Crib making is an exercise in skill executed with passion by either an individual or a group, the later is usually in case of a ward or a church or chapel crib.
Here I write about a person who has been making cribs since he was sixteen and, today at 76, his passion for the tradition has not diminished. This year he completes 60 years of crib making.
Lourenco Fernandes, whose open air, mechanised cribs attract hundreds of appreciative viewers, in a candid interview, talks about how he came to be involved in this art.
The Salesians celebrate the feast of Our Lady Help of Christians on May 24. Fr Joseph Carreno, a Spanish priest who was one of the pioneers of the Goa Salesian chapter, introduced a flag-making competition for the youth. Lourenco, a regular at Don Bosco Oratory, participated in the competition and won a prize. Fr Carre invited him to make a crib and as a gift he was given a set of statues depicting the Holy Family. The set was brought from Italy and Lourenco still cherishes it and uses the statues for the indoor crib he makes.
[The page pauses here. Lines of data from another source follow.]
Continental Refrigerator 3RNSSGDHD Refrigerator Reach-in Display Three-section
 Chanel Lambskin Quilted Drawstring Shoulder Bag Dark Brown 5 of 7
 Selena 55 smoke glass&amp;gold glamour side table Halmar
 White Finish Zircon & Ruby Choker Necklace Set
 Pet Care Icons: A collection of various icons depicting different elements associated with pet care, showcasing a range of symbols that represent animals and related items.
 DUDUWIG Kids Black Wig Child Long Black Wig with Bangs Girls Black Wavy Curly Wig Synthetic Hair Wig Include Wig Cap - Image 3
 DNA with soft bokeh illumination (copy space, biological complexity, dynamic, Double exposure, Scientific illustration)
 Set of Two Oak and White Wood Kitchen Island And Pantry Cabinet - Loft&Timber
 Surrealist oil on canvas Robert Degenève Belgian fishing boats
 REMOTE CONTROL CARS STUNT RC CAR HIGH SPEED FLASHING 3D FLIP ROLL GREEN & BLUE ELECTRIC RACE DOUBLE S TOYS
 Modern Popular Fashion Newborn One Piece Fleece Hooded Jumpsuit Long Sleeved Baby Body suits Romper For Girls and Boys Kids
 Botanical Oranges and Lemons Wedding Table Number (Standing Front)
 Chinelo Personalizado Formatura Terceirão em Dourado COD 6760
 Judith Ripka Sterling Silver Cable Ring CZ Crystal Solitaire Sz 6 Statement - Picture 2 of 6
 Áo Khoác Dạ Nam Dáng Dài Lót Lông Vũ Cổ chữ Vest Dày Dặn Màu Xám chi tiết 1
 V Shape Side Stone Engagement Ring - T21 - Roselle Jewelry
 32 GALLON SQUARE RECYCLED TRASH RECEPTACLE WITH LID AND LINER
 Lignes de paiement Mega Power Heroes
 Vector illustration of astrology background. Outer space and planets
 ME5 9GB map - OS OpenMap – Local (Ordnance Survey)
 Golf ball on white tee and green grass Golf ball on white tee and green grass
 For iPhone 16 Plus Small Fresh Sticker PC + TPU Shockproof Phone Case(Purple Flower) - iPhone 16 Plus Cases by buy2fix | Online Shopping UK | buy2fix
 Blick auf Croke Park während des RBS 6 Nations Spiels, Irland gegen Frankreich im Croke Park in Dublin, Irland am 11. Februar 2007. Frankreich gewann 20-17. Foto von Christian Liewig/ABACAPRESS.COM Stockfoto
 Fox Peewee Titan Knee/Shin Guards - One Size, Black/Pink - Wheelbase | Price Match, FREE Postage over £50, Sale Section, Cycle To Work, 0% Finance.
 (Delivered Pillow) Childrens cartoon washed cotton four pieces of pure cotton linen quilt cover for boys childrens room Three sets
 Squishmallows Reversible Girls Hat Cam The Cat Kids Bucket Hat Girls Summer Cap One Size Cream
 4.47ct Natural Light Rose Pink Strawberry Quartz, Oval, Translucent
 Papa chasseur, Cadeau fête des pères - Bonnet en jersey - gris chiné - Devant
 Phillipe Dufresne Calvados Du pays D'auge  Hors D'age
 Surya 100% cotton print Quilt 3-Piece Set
With that set he started making a crib at home in the veranda of his house. Every year he had a different theme with the Holy Family and the village as the background. His cribs were a novelty and people enjoyed visiting it. I, too, remember visiting his house with relatives and friends.
Lourenco boasts that even the last Portuguese governor of Goa, Vassalo e Silva, visited his house to see the crib. Goa’s first chief minister, Dayanand Bandodkar was also an appreciative viewer. In 1969, Lourenco celebrated the moon landing by using the replica of the spacecraft Apollo as a backdrop for the crib he made. The chief minister was so happy with the display that he visited twice along with ministers from the centre who on a visit to Goa at that time.
His tryst with mechanised cribs began post 1961. Lourenco had studied in the erstwhile Escola Tecnica e Comercial de Goa, the course of ‘Curso de electricidade pratica’. He went to Bombay and passed intermediate from the famous J J Scool of Arts and also underwent a course in Printing Technology, which presented him with the opportunity of joining the Imprensa Nacional, Government Printing Press, from where he retired as deputy director on superannuation. In Goa, he also underwent a course for supervisors in construction of the
Goa Public Works Department. According to Lourenco his skills and those he acquired from his studies are what help him put up the show every year.
Ever magnanimous, Lourenco is ready to share his knowledge in crib making with anyone who approaches him and even helps out with individual cribs. His philosophy is that after he is no more others can continue his work. He conducts courses in crib making for those interested.